Leave out the pictures and repeat exactly the lines from the one containing "Tactical-Camo-343.jpg" through the end of the records.

Segment Open

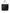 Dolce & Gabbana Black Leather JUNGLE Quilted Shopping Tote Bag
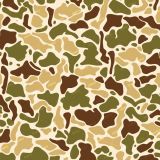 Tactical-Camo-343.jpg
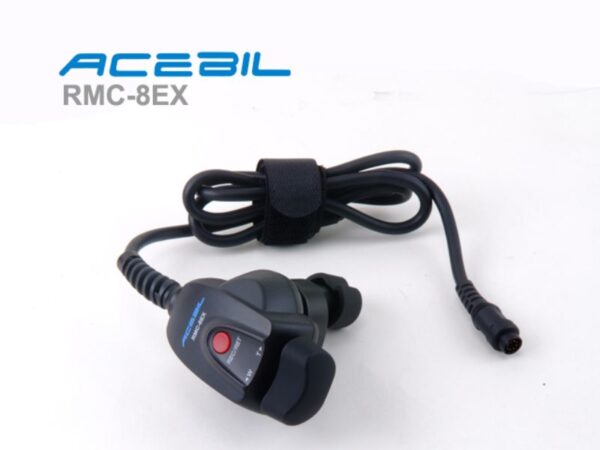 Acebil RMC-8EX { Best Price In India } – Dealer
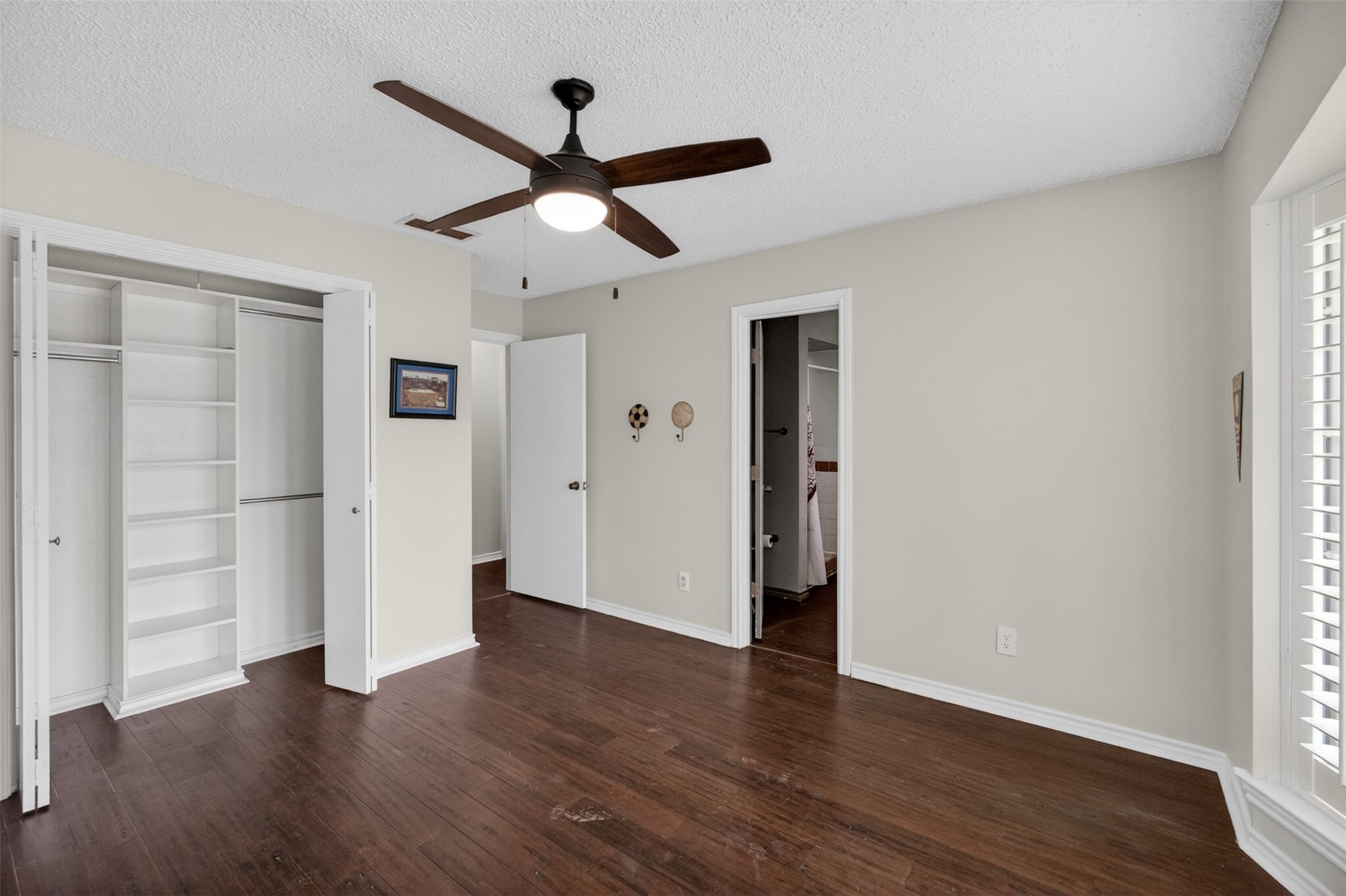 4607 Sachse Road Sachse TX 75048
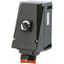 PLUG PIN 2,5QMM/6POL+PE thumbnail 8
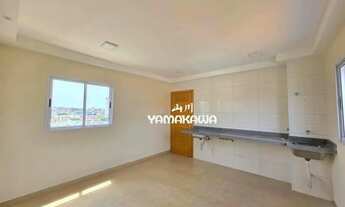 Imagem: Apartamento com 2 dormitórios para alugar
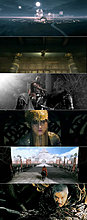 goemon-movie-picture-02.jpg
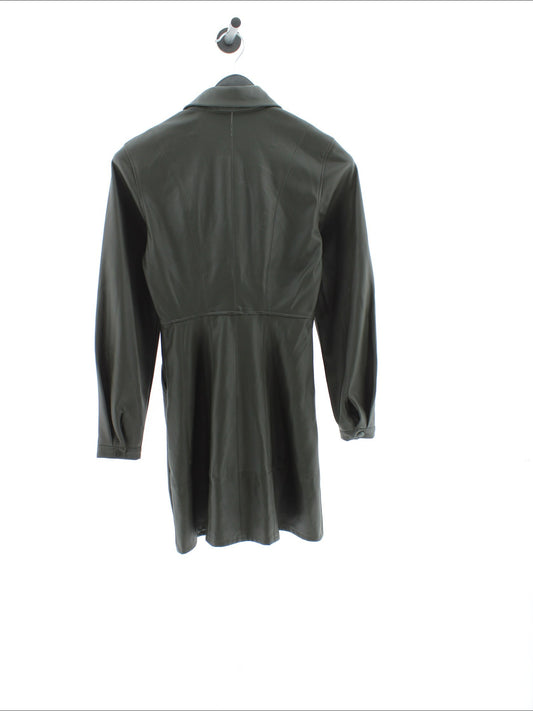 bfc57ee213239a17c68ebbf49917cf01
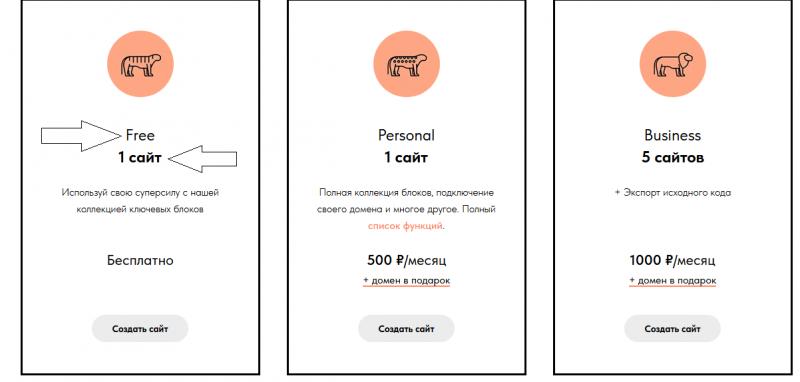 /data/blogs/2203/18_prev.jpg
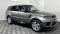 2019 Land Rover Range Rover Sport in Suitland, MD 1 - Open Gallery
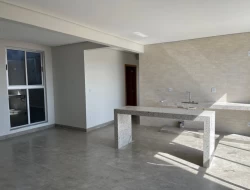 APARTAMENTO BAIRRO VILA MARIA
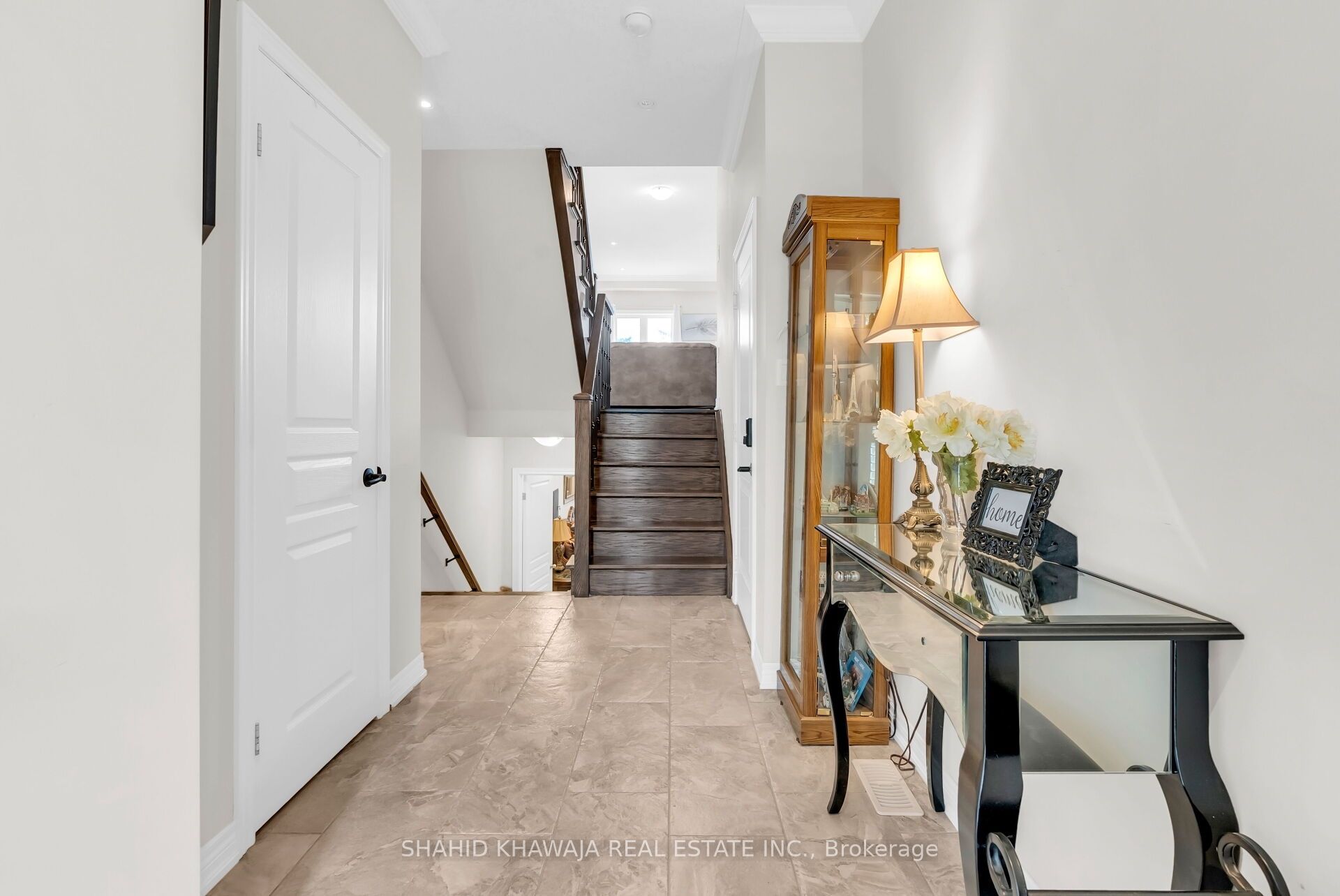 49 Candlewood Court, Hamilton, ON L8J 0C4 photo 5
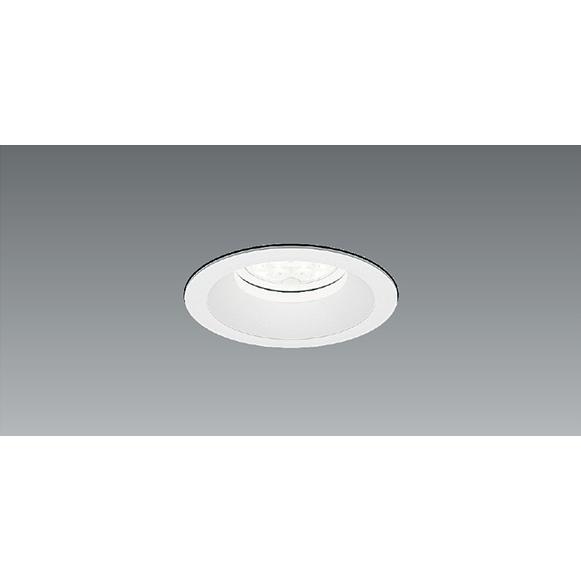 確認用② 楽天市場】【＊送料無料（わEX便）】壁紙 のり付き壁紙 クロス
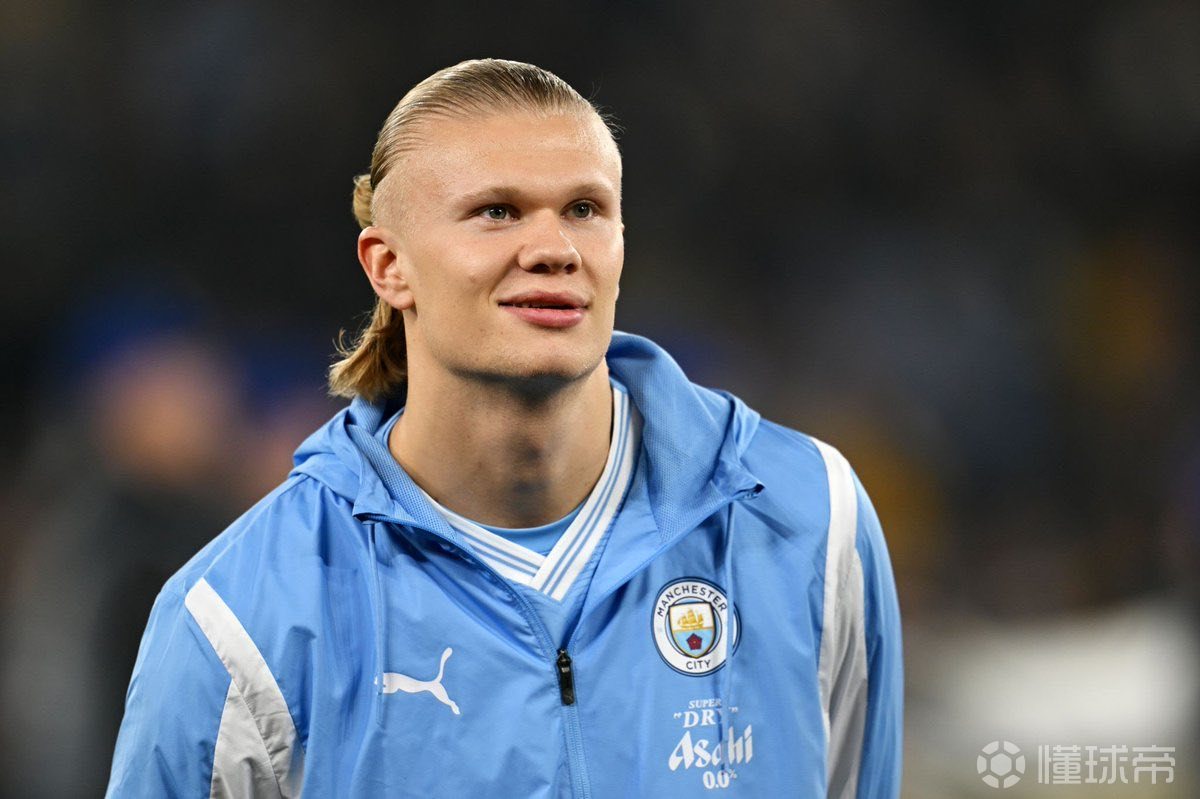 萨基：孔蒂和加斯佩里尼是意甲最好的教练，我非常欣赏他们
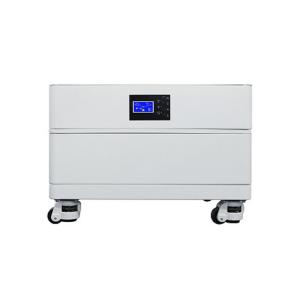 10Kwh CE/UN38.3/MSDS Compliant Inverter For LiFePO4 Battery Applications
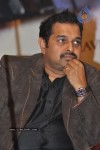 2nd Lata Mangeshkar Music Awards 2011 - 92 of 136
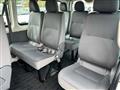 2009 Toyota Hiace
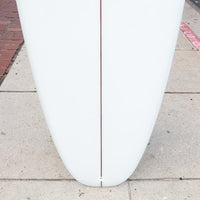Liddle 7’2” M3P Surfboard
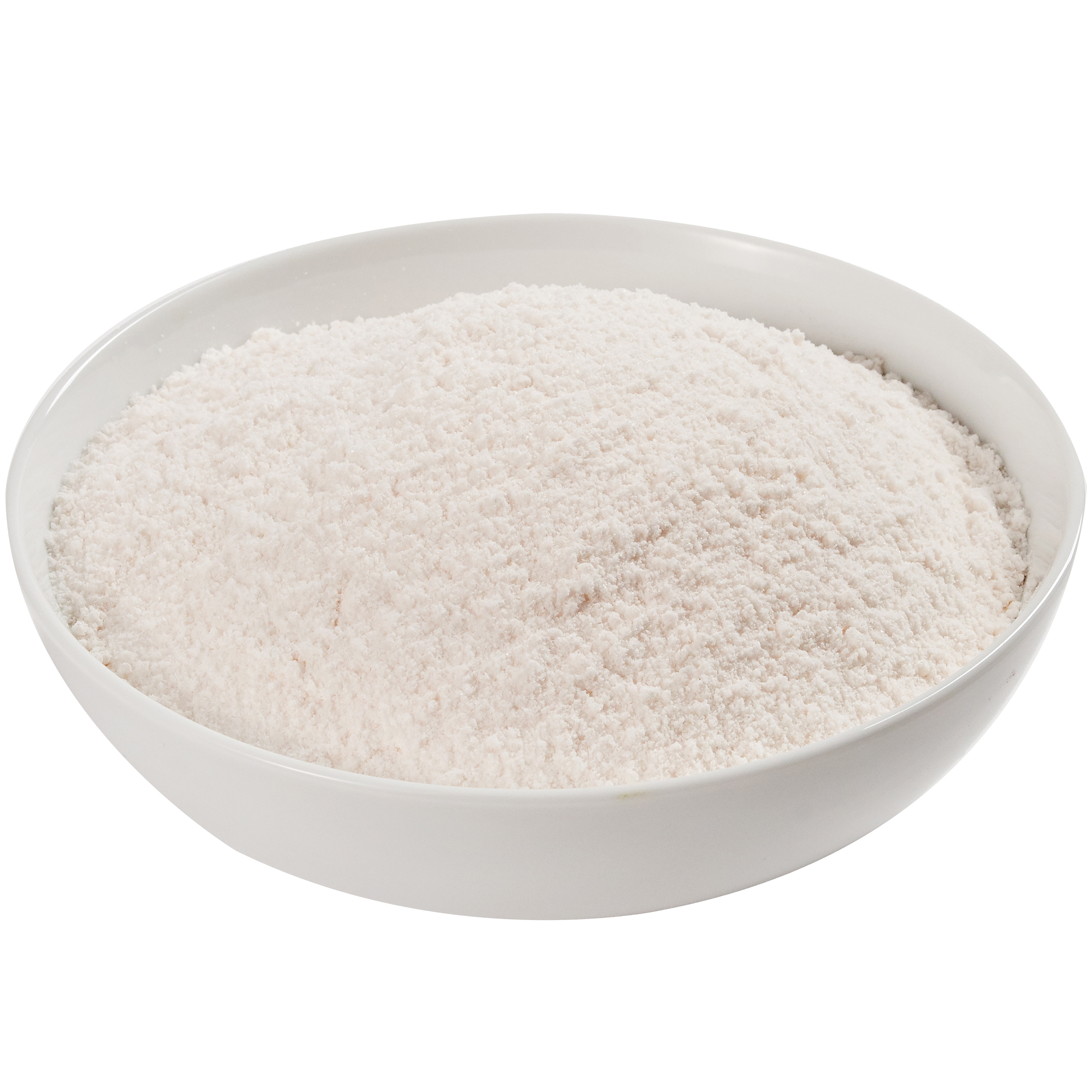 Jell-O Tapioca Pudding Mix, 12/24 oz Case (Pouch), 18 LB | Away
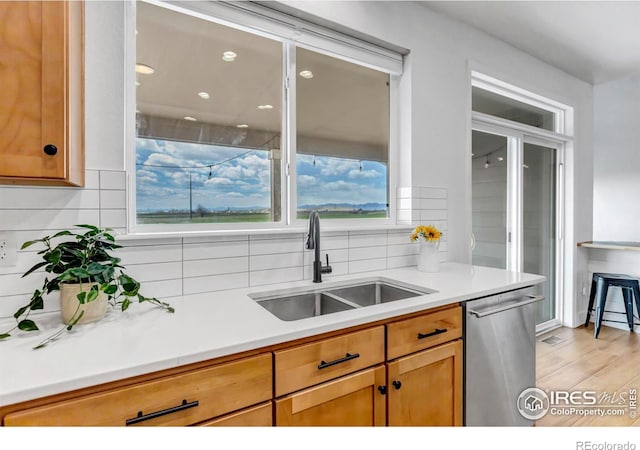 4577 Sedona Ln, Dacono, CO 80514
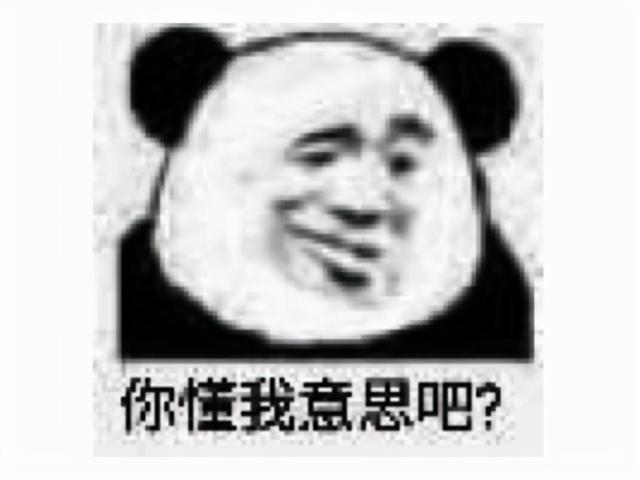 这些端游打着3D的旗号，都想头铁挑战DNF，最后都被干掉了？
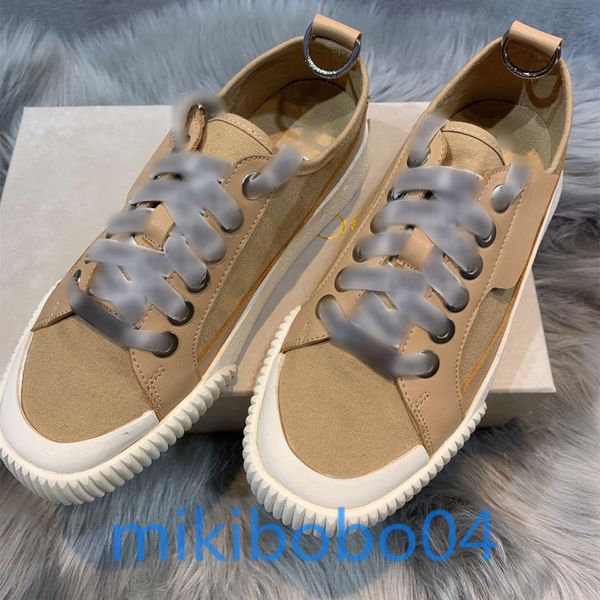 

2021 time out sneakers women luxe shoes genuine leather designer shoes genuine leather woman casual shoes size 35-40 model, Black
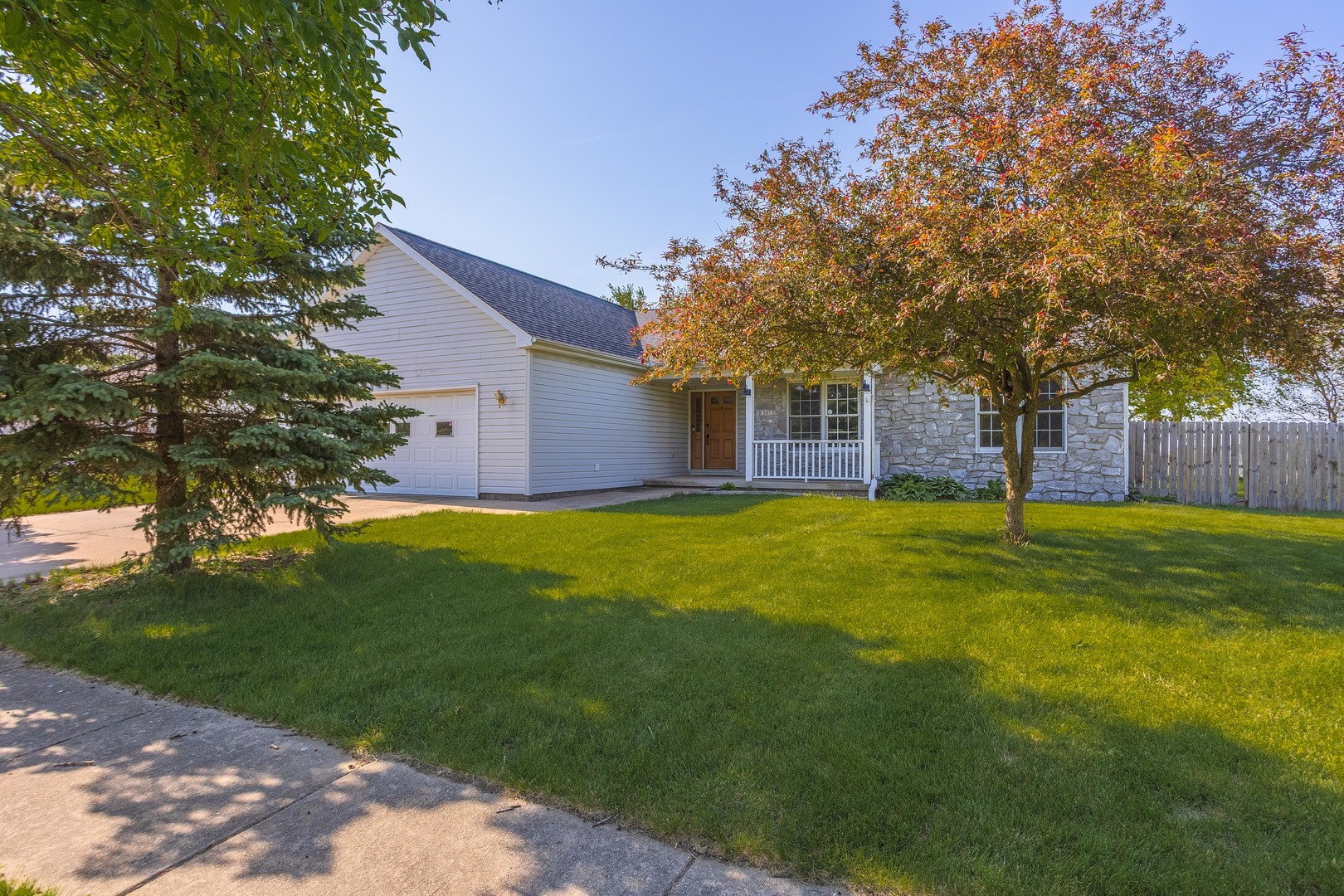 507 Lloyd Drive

Segment Closed

◆ **Worked solution**:
 Tactical-Camo-343.jpg
 Acebil RMC-8EX { Best Price In India } – Dealer
 4607 Sachse Road Sachse TX 75048
 PLUG PIN 2,5QMM/6POL+PE thumbnail 8
 Imagem: Apartamento com 2 dormitórios para alugar
 goemon-movie-picture-02.jpg
 bfc57ee213239a17c68ebbf49917cf01
 /data/blogs/2203/18_prev.jpg
 2019 Land Rover Range Rover Sport in Suitland, MD 1 - Open Gallery
 APARTAMENTO BAIRRO VILA MARIA
 49 Candlewood Court, Hamilton, ON L8J 0C4 photo 5
 確認用② 楽天市場】【＊送料無料（わEX便）】壁紙 のり付き壁紙 クロス
 萨基：孔蒂和加斯佩里尼是意甲最好的教练，我非常欣赏他们
 10Kwh CE/UN38.3/MSDS Compliant Inverter For LiFePO4 Battery Applications
 2nd Lata Mangeshkar Music Awards 2011 - 92 of 136
 2009 Toyota Hiace
Liddle 7’2” M3P Surfboard
 Jell-O Tapioca Pudding Mix, 12/24 oz Case (Pouch), 18 LB | Away
 4577 Sedona Ln, Dacono, CO 80514
 这些端游打着3D的旗号，都想头铁挑战DNF，最后都被干掉了？

2021 time out sneakers women luxe shoes genuine leather designer shoes genuine leather woman casual shoes size 35-40 model, Black
 507 Lloyd Drive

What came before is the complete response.